Monitoring COVID-19 pandemic through the lens of social media using natural language processing and machine learning

Health Inf Sci Syst. 2021 Jun 25;9(1):25. doi: 10.1007/s13755-021-00158-4. eCollection 2021 Dec.

Abstract

Purpose: It has been over a year since the first known case of coronavirus disease (COVID-19) emerged, yet the pandemic is far from over. To date, the coronavirus pandemic has infected over eighty million people and has killed more than 1.78 million worldwide.
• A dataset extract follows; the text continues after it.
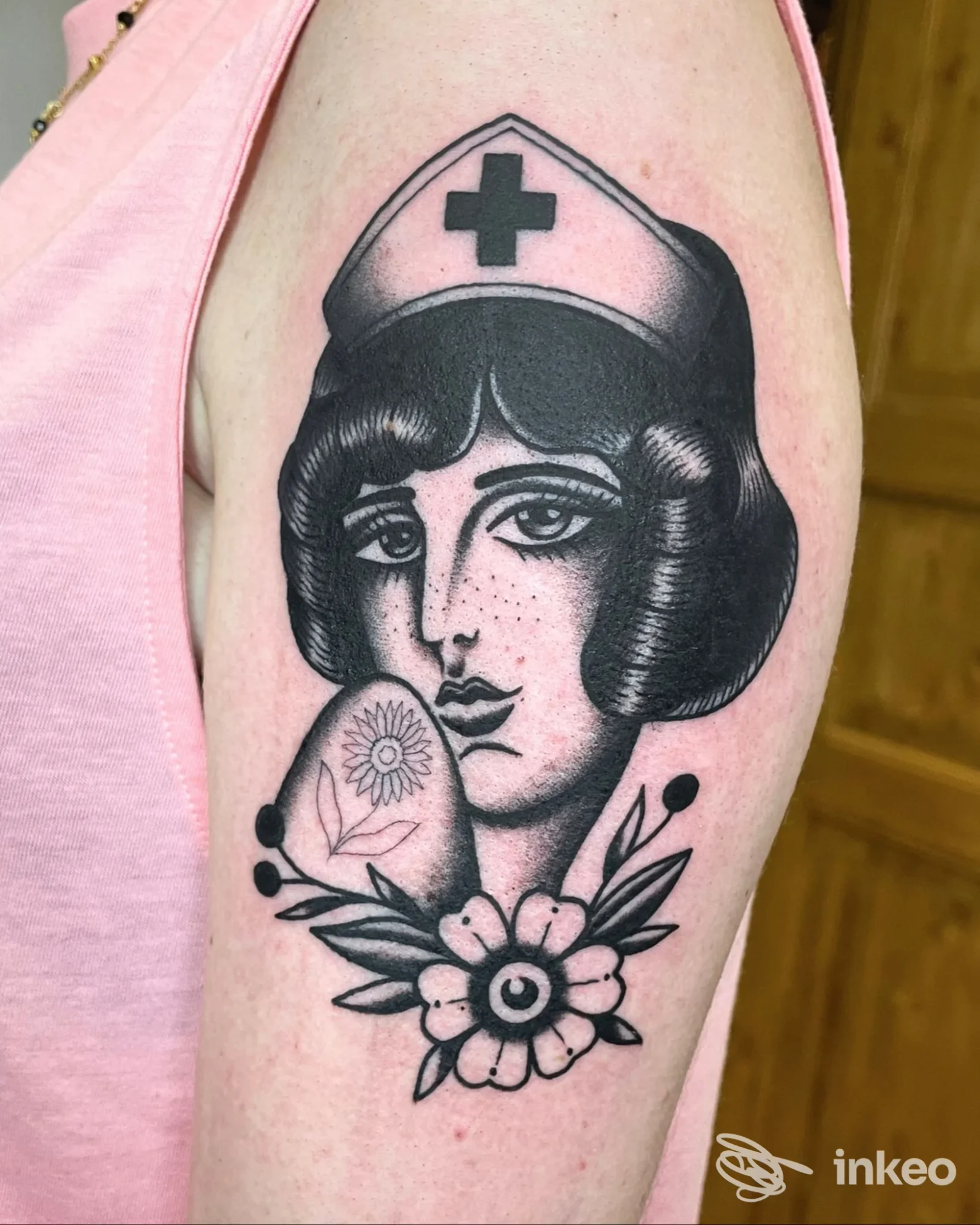 Foto di un tatuaggio sul braccio superiore: volto di un'infermiera in stile tradizionale con fiore, The Shelter Tattoo Studio, Montalto di Castro.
This study aims to explore "how useful is Reddit social media platform to surveil COVID-19 pandemic?" and "how do people's concerns/behaviors change over the course of COVID-19 pandemic in North Carolina?". The purpose of this study was to compare people's thoughts, behavior changes, discussion topics, and the number of confirmed cases and deaths by applying natural language processing (NLP) to COVID-19 related data.
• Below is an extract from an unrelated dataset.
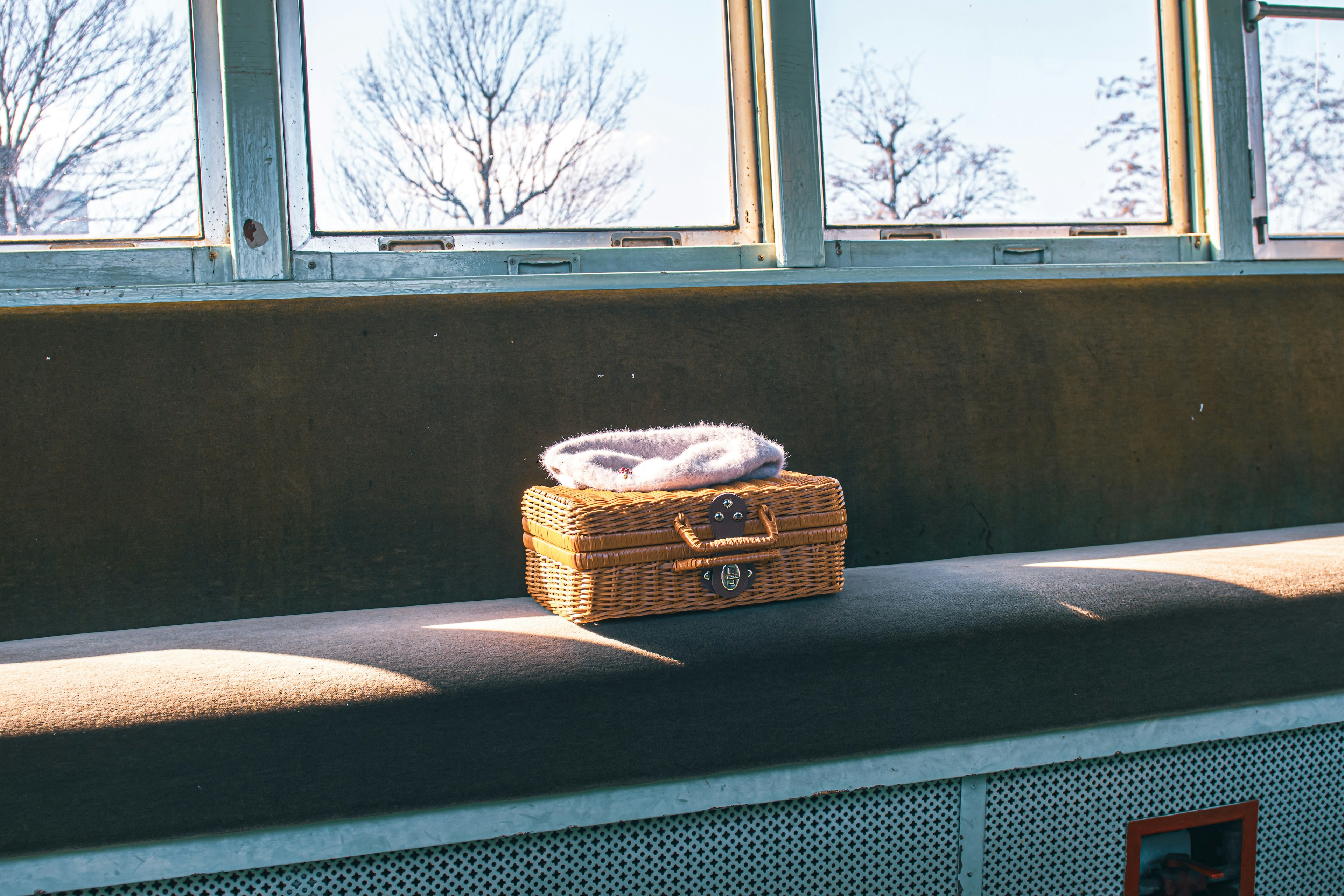 A wicker basket with a blanket on top placed by the window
Methods: In this study, we collected COVID-19 related data from 18 subreddits of North Carolina from March to August 2020. Next, we applied methods from natural language processing and machine learning to analyze collected Reddit posts using feature engineering, topic modeling, custom named-entity recognition (NER), and BERT-based (Bidirectional Encoder Representations from Transformers) sentence clustering. Using these methods, we were able to glean people's responses and their concerns about COVID-19 pandemic in North Carolina.

Results: We observed a positive change in attitudes towards masks for residents in North Carolina. The high-frequency words in all subreddit corpora for each of the COVID-19 mitigation strategy categories are: Distancing (DIST)-"social distance/distancing", "lockdown", and "work from home"; Disinfection (DIT)-"(hand) sanitizer/soap", "hygiene", and "wipe"; Personal Protective Equipment (PPE)-"mask/facemask(s)/face shield", "n95(s)/kn95", and "cloth/gown"; Symptoms (SYM)-"death", "flu/influenza", and "cough/coughed"; Testing (TEST)-"cases", "(antibody) test", and "test results (positive/negative)".

Conclusion: The findings in our study show that the use of Reddit data to monitor COVID-19 pandemic in North Carolina (NC) was effective. The study shows the utility of NLP methods (e.g. cosine similarity, Latent Dirichlet Allocation (LDA) topic modeling, custom NER and BERT-based sentence clustering) in discovering the change of the public's concerns/behaviors over the course of COVID-19 pandemic in NC using Reddit data. Moreover, the results show that social media data can be utilized to surveil the epidemic situation in a specific community.

Keywords: COVID-19; Named-entity recognition; Natural language processing; Sentence clustering; Social media; Topic modeling.